**GIVEN INFORMATION**
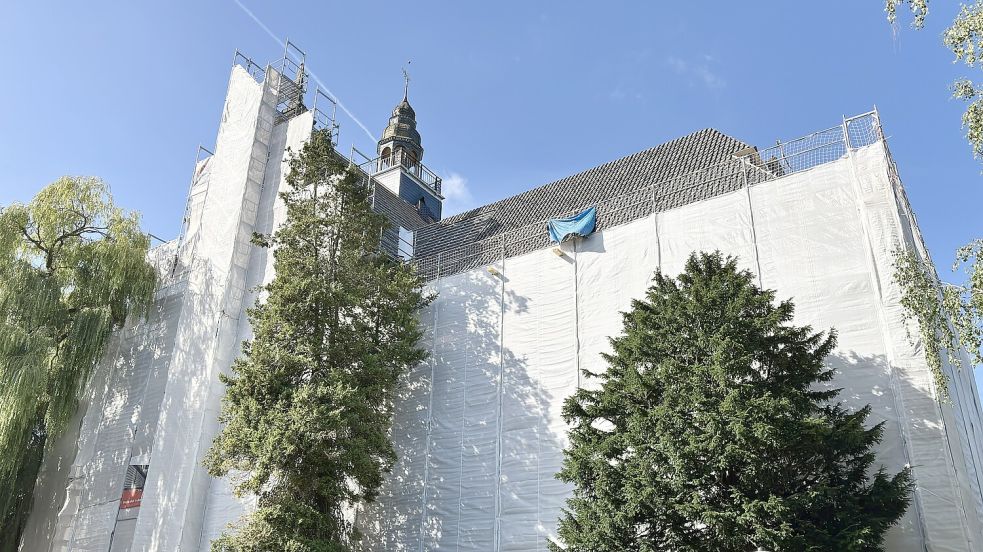 Außen sieht man nichts und innen ist einiges los. Foto: Klaus Ortgies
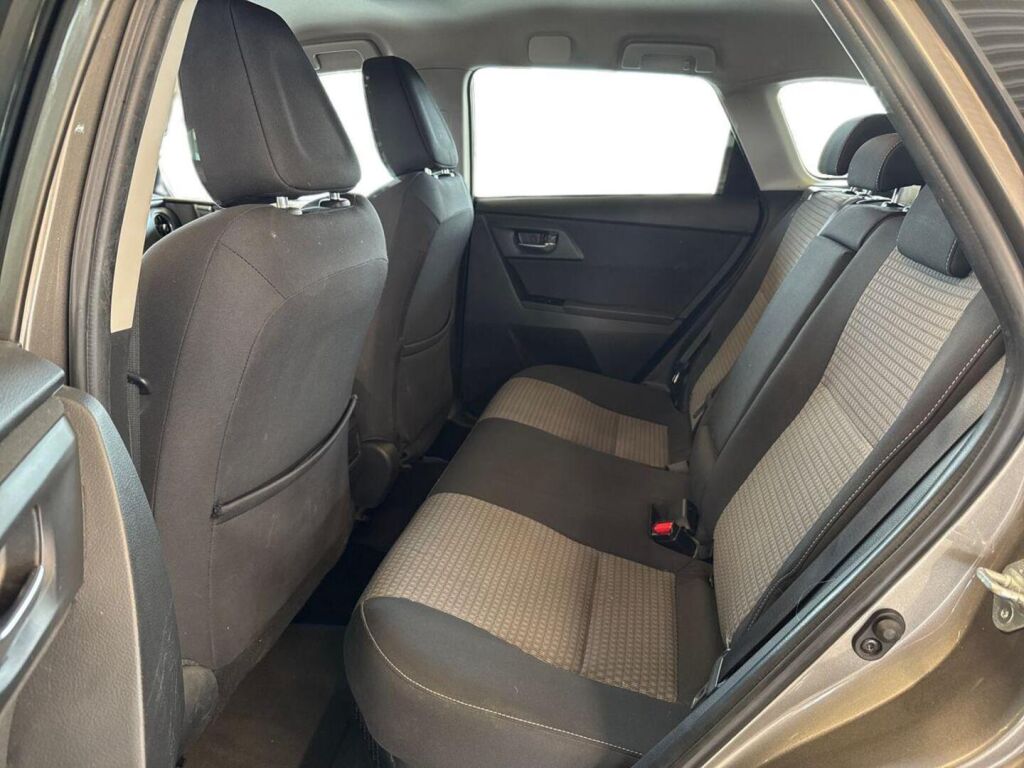 Toyota Auris 2016 Harmaa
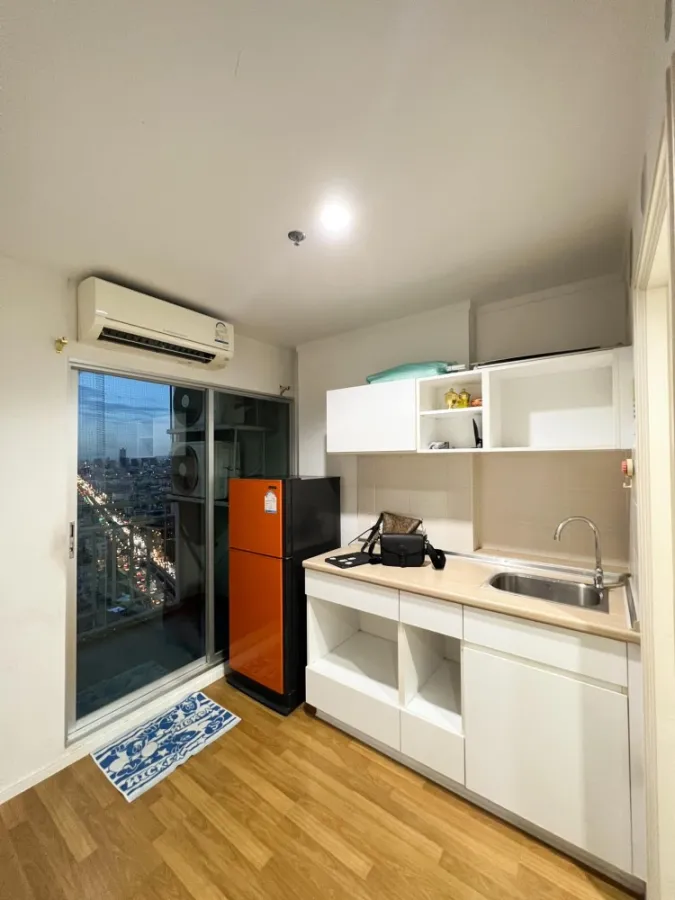 For rent: Lumpini Place Suksawat - Rama 2, room with outstanding beautiful wallpaper. Beautiful city view. Hurry and grab it.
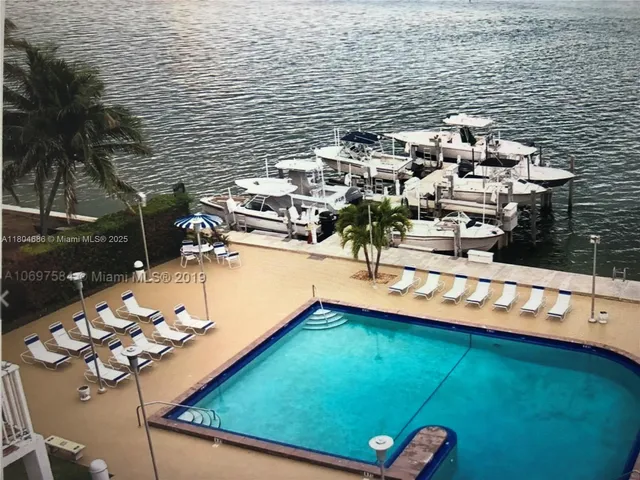 $549,000 | 150 Southeast 25th Road, Unit 14H, Miami, FL 33129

**TASK PROMPT**
Would you repeat each line of the listing exactly, skipping any picture?

**EXERCISE OUTPUT**
 Außen sieht man nichts und innen ist einiges los. Foto: Klaus Ortgies
 Toyota Auris 2016 Harmaa
 For rent: Lumpini Place Suksawat - Rama 2, room with outstanding beautiful wallpaper. Beautiful city view. Hurry and grab it.
 $549,000 | 150 Southeast 25th Road, Unit 14H, Miami, FL 33129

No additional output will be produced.